EXERCISE PROMPT: Could you set down only the lines from the one including "Red ribbed turtleneck" to the end of the records below, inclusive and exact, leaving pictures out?

[Opening RECORDED DATA section]

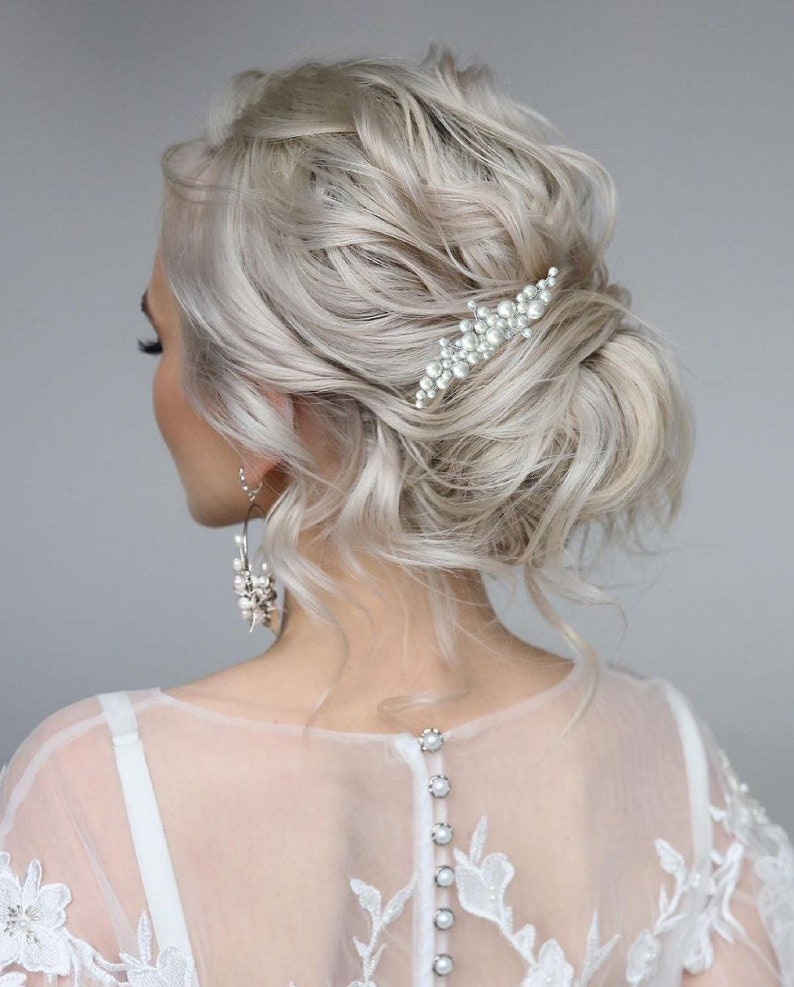 May include: A woman's hairstyle with light blonde, wavy hair styled in a low bun. A pearl hair clip is placed on the side. The woman is wearing a white dress with a sheer back and pearl buttons.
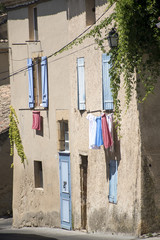 typical house in south France with blue shutters and drying laun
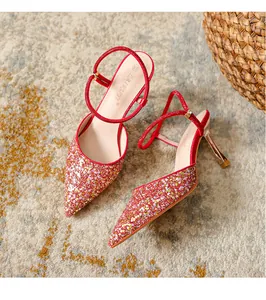 Close-up of red glitter pointed-toe high heels with rhinestone ankle straps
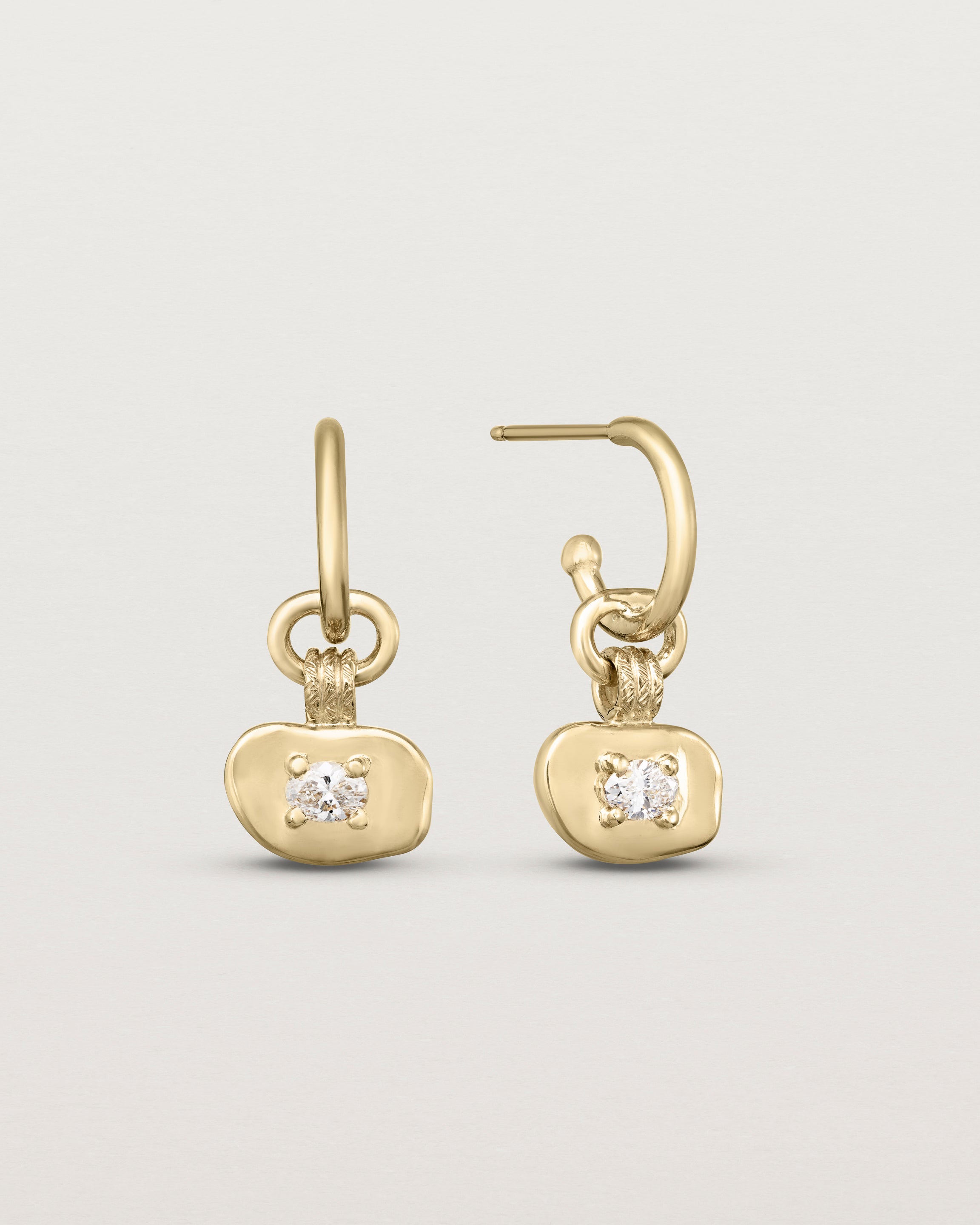 A pair of Terra Hoops | Diamond in yellow gold.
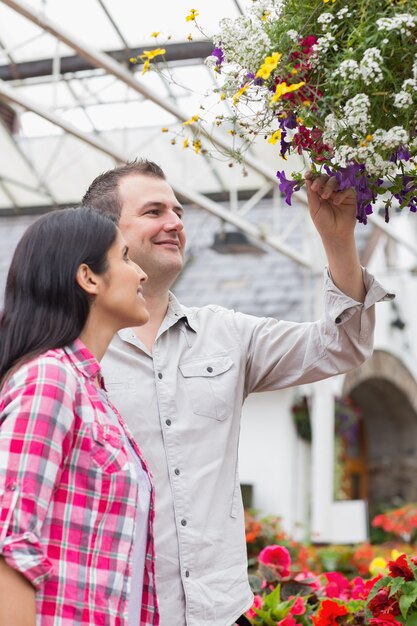 Pareja admirando canasta de flores colgantes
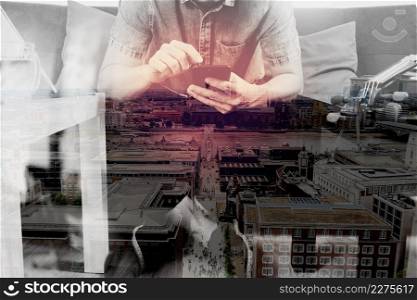 double exposure of hipster hand using smart phone,digital tablet docking keyboard,holding cradit card payments online business,sitting on sofa in living room,work at home concept,London architecture city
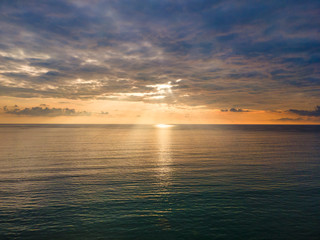 Fototapeta premium Aerial Drone view sunset over the sea with cloud and sun light with copy space.
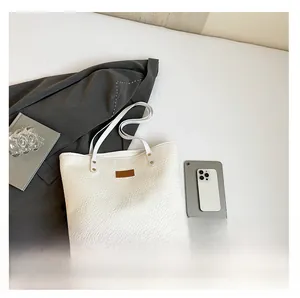 Detailed view of large white woven tote bag with brown patch next to a tablet and book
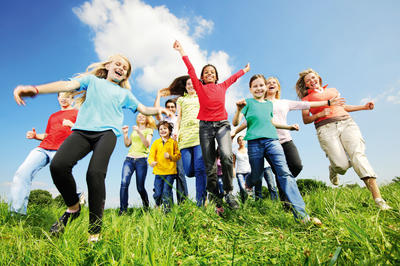 Kinder laufen durch Wiese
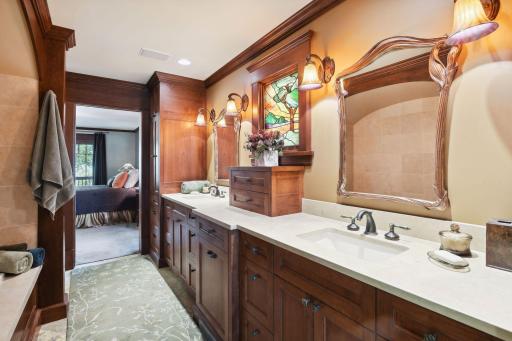 The walk-thru bathroom between both bedrooms includes dual sinks, opulent lighting and Jerusalem stone tile.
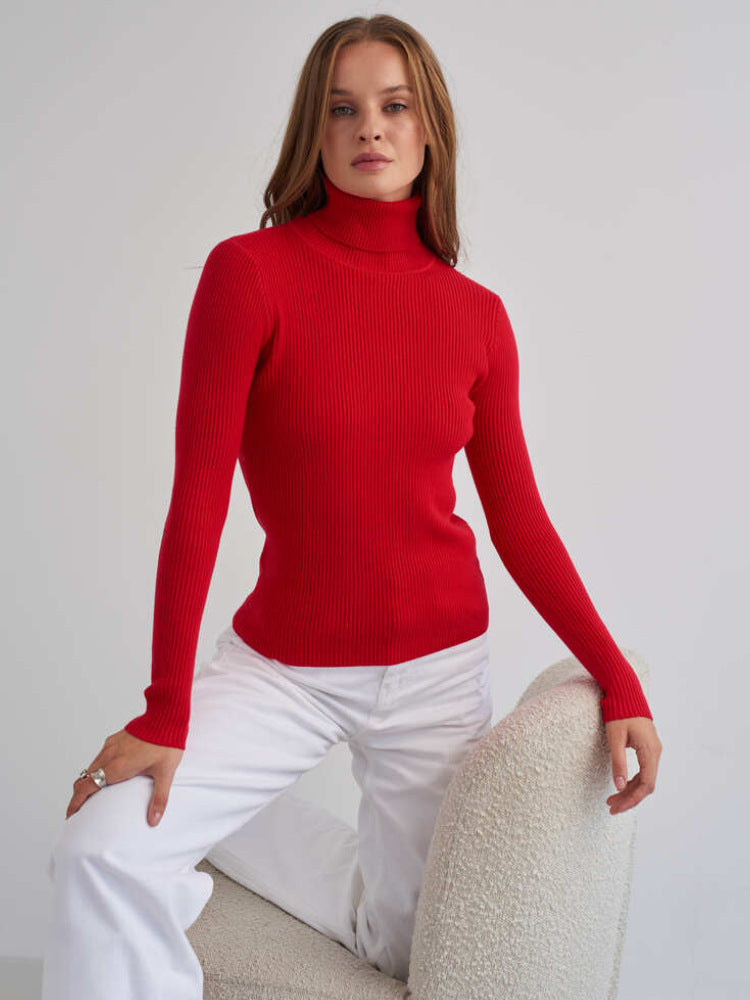 Red ribbed turtleneck sweater with fitted long sleeves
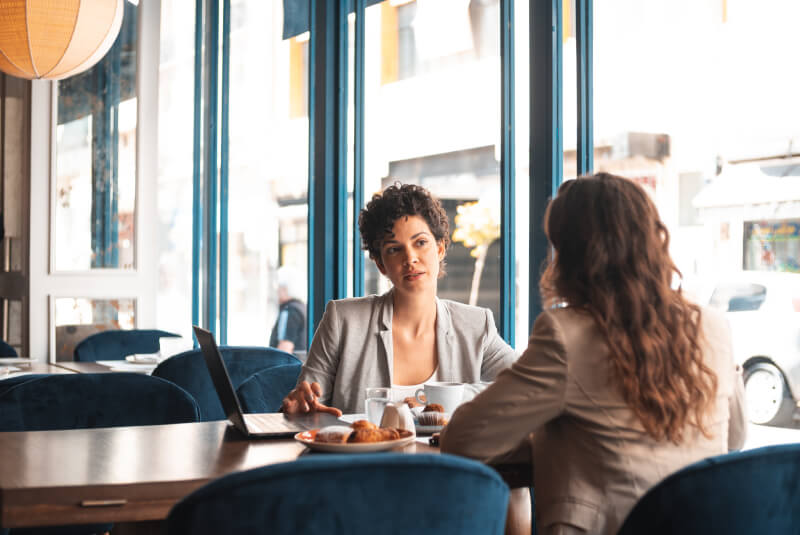 two professional woman in a meeting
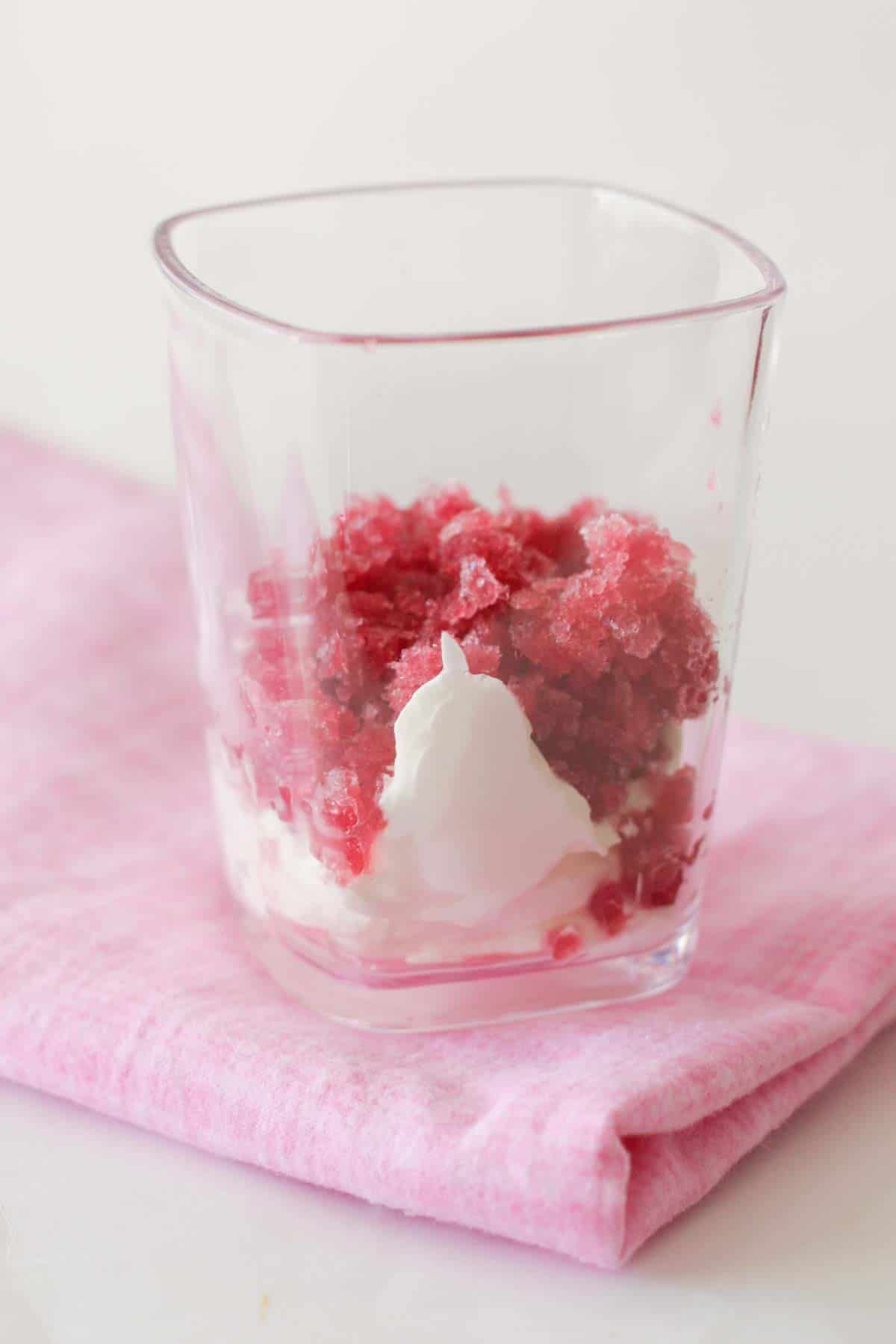 Pomegranate Granita with whipped cream in a cup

[Closing RECORDED DATA section]

SOLUTION TO THIS TASK:
 Red ribbed turtleneck sweater with fitted long sleeves
 two professional woman in a meeting
 Pomegranate Granita with whipped cream in a cup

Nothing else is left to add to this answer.